# Multivariate QuasiCopula GWAS with Mixed Marginals

Here we adopt the variance component model framework

$$\mathbf{\Gamma}_i(\mathbf{\theta}) = \sum_{k=1}^m \theta_k\mathbf{V}_{ik}, \quad \theta_k \ge 0$$

In [1]:
using Revise
using DataFrames, Random, GLM, QuasiCopula
using ForwardDiff, Test, LinearAlgebra
using LinearAlgebra: BlasReal, copytri!
using ToeplitzMatrices
using BenchmarkTools
using SnpArrays
using Statistics

BLAS.set_num_threads(1)
Threads.nthreads()

function simulate_random_snparray(s::Union{String, UndefInitializer}, n::Int64,
    p::Int64; mafs::Vector{Float64}=zeros(Float64, p), min_ma::Int = 5)
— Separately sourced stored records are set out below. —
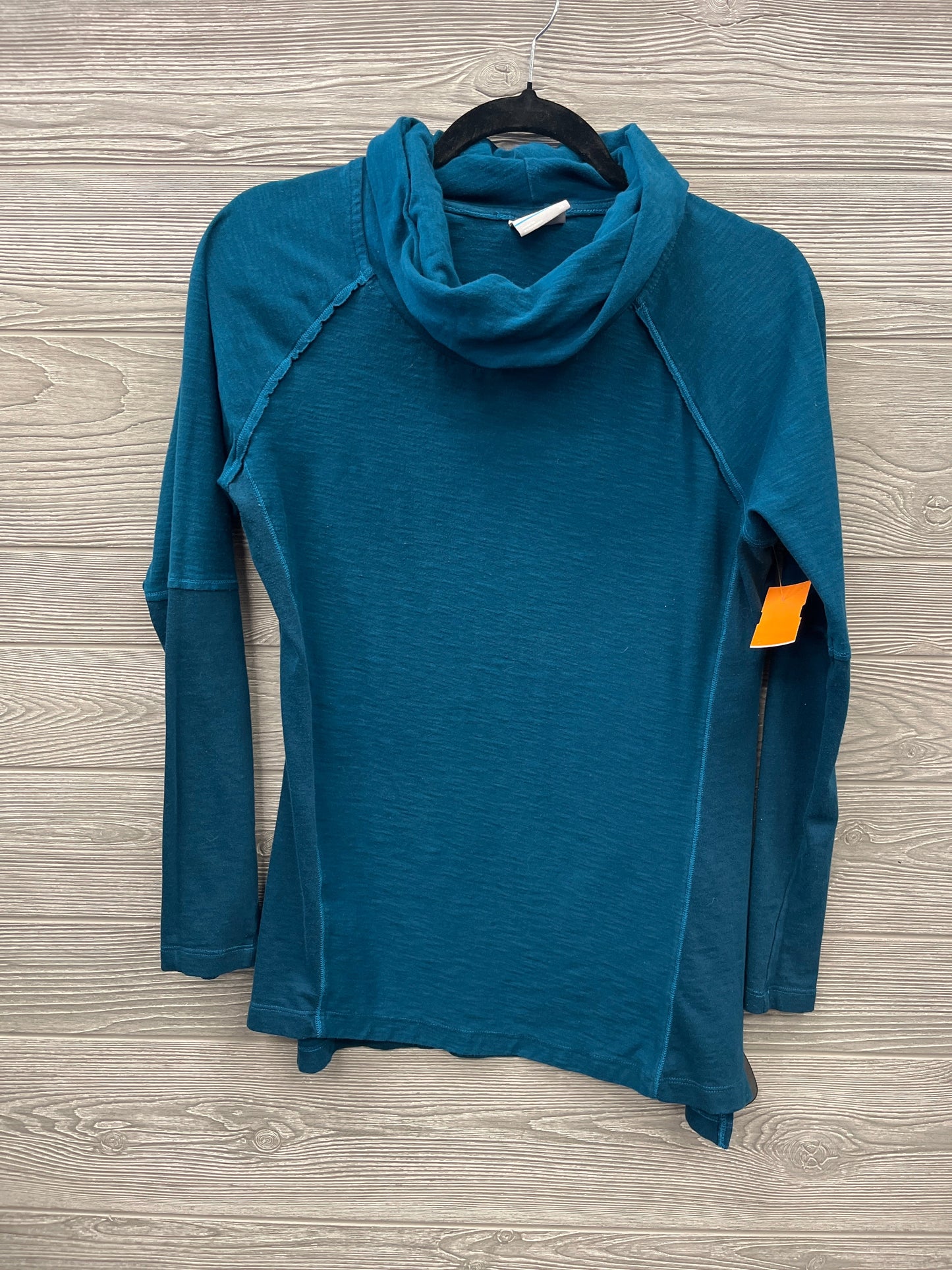 Top Long Sleeve By Columbia In Blue, Size: M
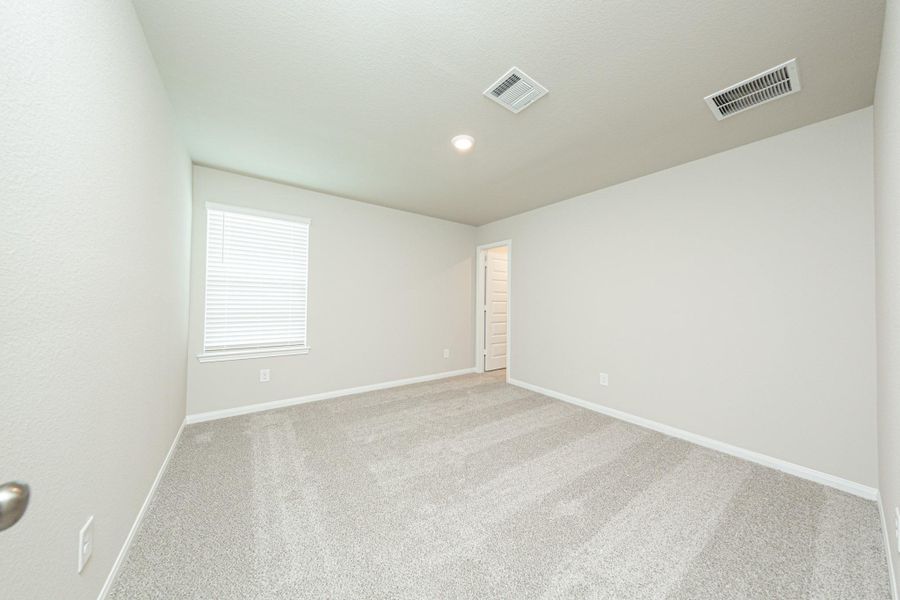 Spacious, unfurnished interior of a new home in River's Edge, Conroe (Image 20). Spacious, unfurnished interior of a new home in River's Edge, Conroe (Image 20).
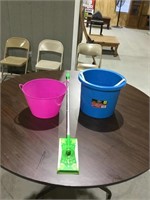 Dry swiffer and two buckets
    #first simulate a random {0, 1, 2} matrix with each SNP drawn from Binomial(2, r[i])
    A1 = BitArray(undef, n, p) 
    A2 = BitArray(undef, n, p) 
    for j in 1:p
        minor_alleles = 0
        maf = 0
        while minor_alleles <= min_ma
            maf = 0.5rand()
            for i in 1:n
                A1[i, j] = rand(Bernoulli(maf))
                A2[i, j] = rand(Bernoulli(maf))
            end
            minor_alleles = sum(view(A1, :, j)) + sum(view(A2, :, j))
        end
        mafs[j] = maf
    end

    #fill the SnpArray with the corresponding x_tmp entry
    return _make_snparray(s, A1, A2)
end

function _make_snparray(s::Union{String, UndefInitializer}, A1::BitArray, A2::BitArray)
    n, p = size(A1)
    x = SnpArray(s, n, p)
    for i in 1:(n*p)
        c = A1[i] + A2[i]
        if c == 0
            x[i] = 0x00
        elseif c == 1
            x[i] = 0x02
        elseif c == 2
            x[i] = 0x03
        else
            throw(MissingException("matrix shouldn't have missing values!"))
        end
    end
    return x
end


┌ Info: Precompiling QuasiCopula [c47b6ae2-b804-4668-9957-eb588c99ffbc]
└ @ Base loading.jl:1423


_make_snparray (generic function with 1 method)

## Simulate data

Given $n$ independent samples, we simulate phenotypes from 
$$\mathbf{y}_i \sim QC(\mathbf{\Gamma}, f_1, ..., f_d)$$

In [28]:
# simulate data
p = 5    # number of fixed effects, including intercept
m = 2    # number of variance componentsac
n = 5000 # number of sample
d = 3    # number of phenotypes per sample
q = 1000 # number of SNPs
k = 0   # number of causal SNPs

# sample d marginal distributions for each phenotype within samples
Random.seed!(2022)
possible_distributions = [Bernoulli, Poisson, Normal]
vecdist = rand(possible_distributions, d)
veclink = [canonicallink(vecdist[j]()) for j in 1:d]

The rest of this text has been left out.